D'aversa setzt auf den türken – und wird belohnt
Roberto D’Aversa hatte vor dem Duell mit dem Tabellenführer noch gemunkelt, „vielleicht“ starte Ilkhan. Die Startelf war kein Geschenk, sondern eine Rechnung: Wer in der Woche vor dem Topspiel jeden Zweikampf frisst und jeden Pass trifft, darf gegen Inter ran. Ilkhan antwortete mit einem durchgestylten Lupfer in die Box, wo Giovanni Simeone nur noch den Fuß hinhalten musste – und in der 71. Minute mit einem Traumpass, diesmal verwertet. 2:2, Kurve am Kochen, Ilkhan mit durchschnittlich 0,38 erwarteten Toren plus Vorlagen – kein Granata-Mittelfeldspieler war in dieser Saison effizienter.

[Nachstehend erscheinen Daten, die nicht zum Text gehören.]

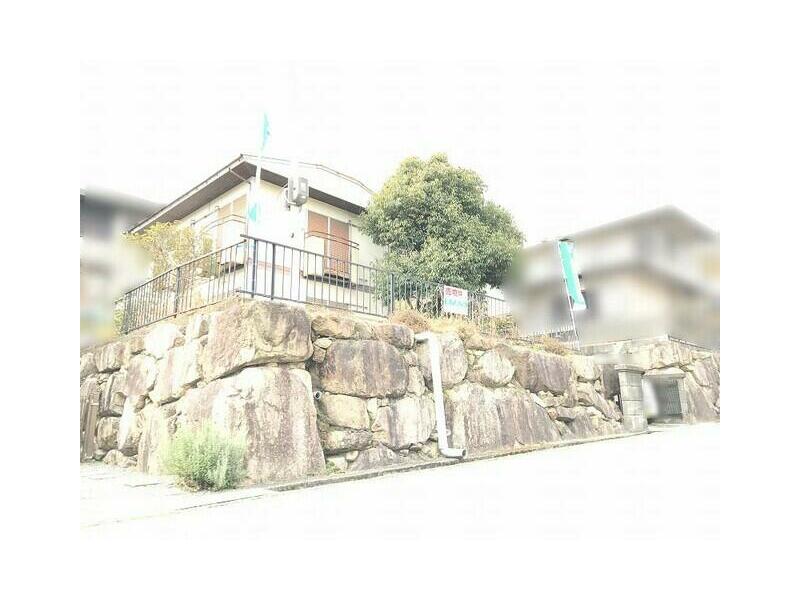 Bodaiji-Nishi 7-chome, Konan-city (Yasu Sta.) 2F 4DK

4,980,000 yen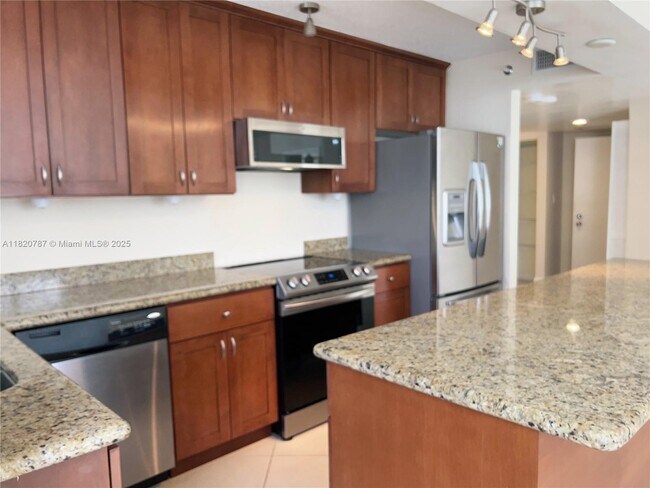 Building Photo - 770 Claughton Island Dr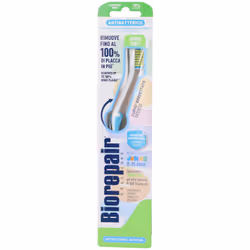 Biorepair Spazzolino Junior è utilizzabile nell'età tra i 6 ed i 12 anni. Lo spazzolino se utilizzato quotidianamente garanti ...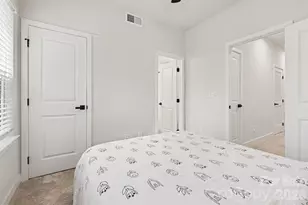 300 Twinflower Ln, Charlotte, NC 28205 - Photo 17
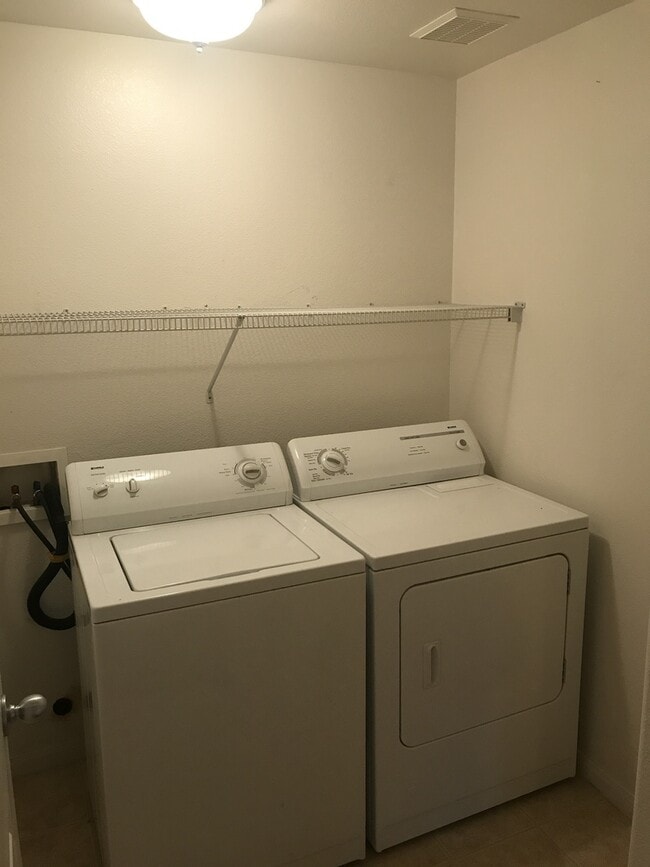 Foto del edificio - Condo in Nevada Trails - First Level Community Pool/Spa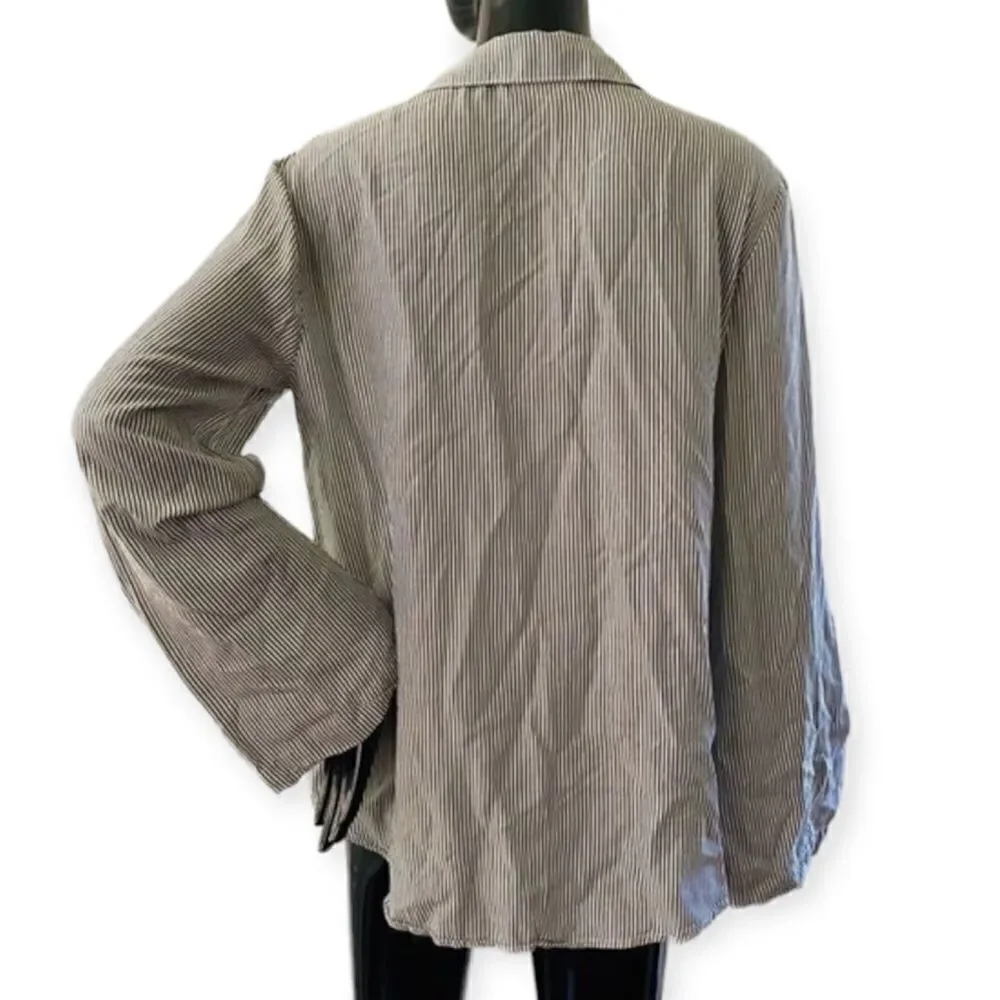 Cloth & Stone Stripe Flare Sleeve Button Down Top Size Medium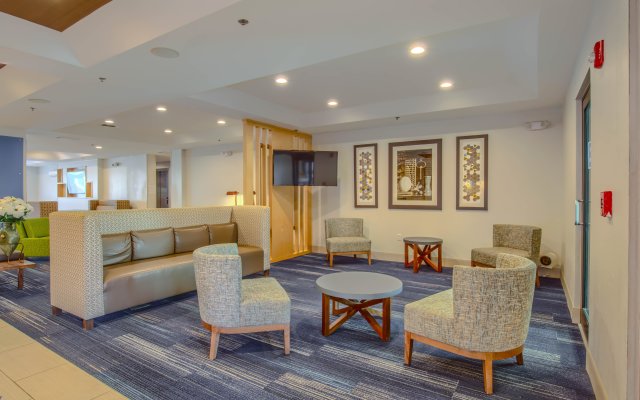 Holiday Inn Express & Suites Gulf Shores, an IHG Hotel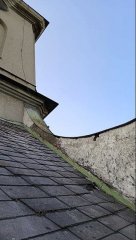 chátrající kostel - střecha
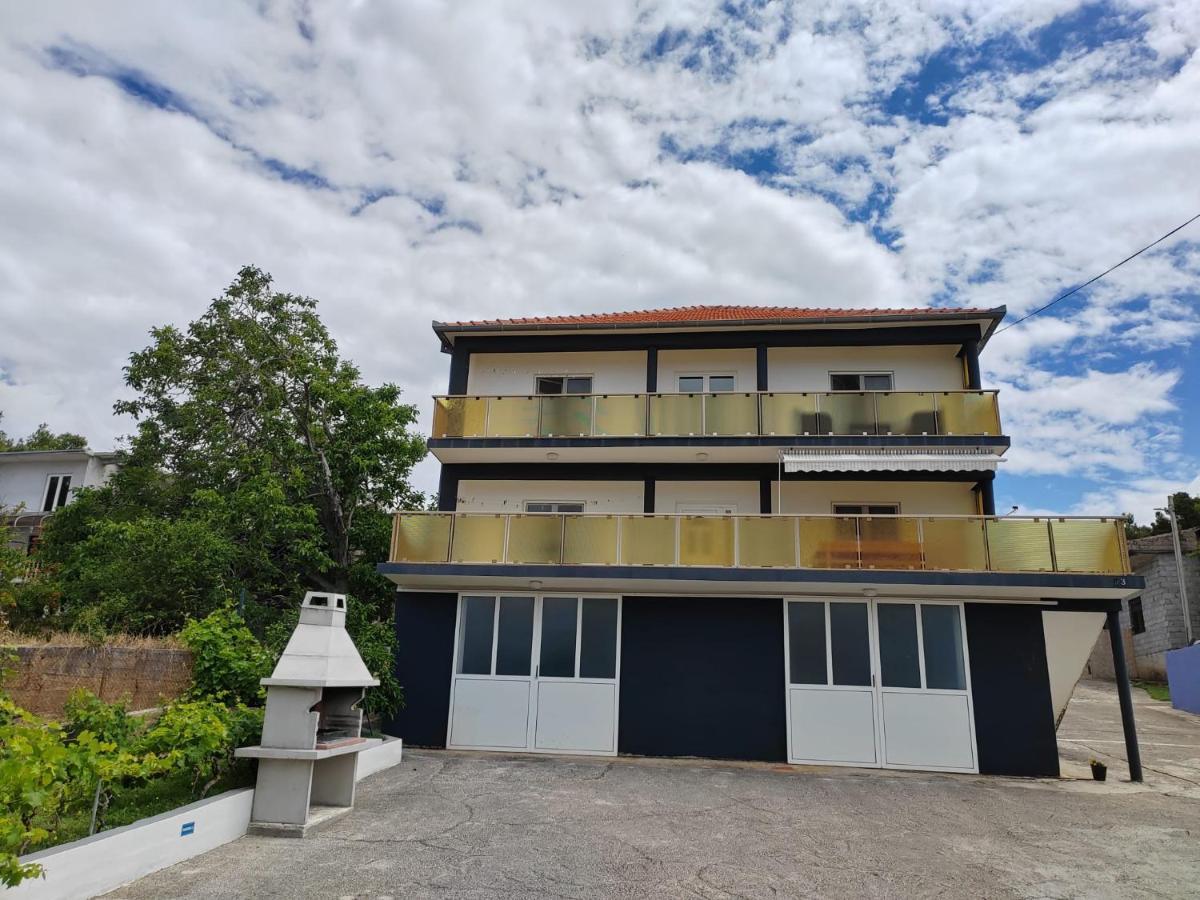 Apartment And Pool Nika بيبينيا المظهر الخارجي الصورة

Die Zahlen lügen nicht, aber sie erzählen auch nicht die halbe Wahrheit. Denn Ilkhan war nicht nur Statistik, er war der Metronom, der nach dem 0:2 die Herzfrequenz der Mannschaft wieder auf 180 brachte. 54 Ballaktionen, 87-prozentige Passsicherheit, sechs von neun Zweikämpfen gewonnen – und jedes Mal ein quietschendes Bremsen, wenn er die Gangschaltung von Vertikal zu Dribbling umlegte.

Ein kreuzbandriss, drei leihstationen, ein comeback
Die Geschichte dahinter liest sich wie ein Drehbuch, das keiner produzieren würde, weil es zu abgedroschen klingt. Kreuzbandriss 2022, Ausfall ein Jahr, dann Leihe zu Sampdoria und Basaksehir, weil Torino auf Nummer sicher ging. Zurück in Turin, war er zunächst nur ein Kapitel für die Instagram-Story: 15 Mal Bank, zweimal Kurzeinsatz. „Ich habe jedes Mal die Klamotten nassgeschwitzt, nur um ein paar Minuten zu kriegen“, sagte er nach dem Spiel, das Trikot noch am Körper, die Stimme heiser vom Brüllen.
Dann kam die Coppa Italia gegen Modena: Hereingabe, Tor, Sieg. Danach das Debakel von San Siro, wo er trotz 0:3 der Einzige war, der noch ein paar Meter Dampf aus dem Tank holte. Die Kurve sang seinen Namen, die Sportzeitungen schrieben ihn hoch – und wieder verschwand er. Gegen Como und Genoa patzte er, D’Aversa setzte auf Asllani und Ilic. Die Karriere hing am seidenen Faden.

Vier finale, ein ticket für die ewigkeit
Nun stehen vier Spiele auf dem Programm, vier Endspiele für einen Mittelfeldspieler, der endlich ankommen will. Die Konkurrenz schläft nicht: Asllani hat die italische Nationalität, Ilic die Größe, Linetty die Erfahrung. Ilkhan hat aber etwas, das sich nicht auf dem Papier ausdrücken lässt: Er trägt Torino seit drei Jahren in der Brust, kennt jeden Winkel des Stadio Olimpico, weiß, wie der Nebel über dem Po riecht, wenn am Samstagabend die Lichter angehen.
Sein Vertrag läuft 2026, das Management wartet ab. „Wir schauen uns an, wie er die letzten Wochen stemmt“, sagte Sportdirektor Vagnati unlängst. Übersetzt heißt das: Tore, Assists, Siege – oder Leihe, Verkauf, Vergessen. Ilkhan selbst postete nach dem Schlusspfiff ein Foto, auf dem er die Hand zur Faust ballt. Unterschrift: „Bis zur letzten Minute. Genau das ist unser Geist.“
Die Minute ist da. Vier Mal. Wer jetzt blinzelt, verpasst vielleicht die Geburt eines neuen Granata-Helden. Oder das Ende eines Traums, der einmal so groß war wie der Superga.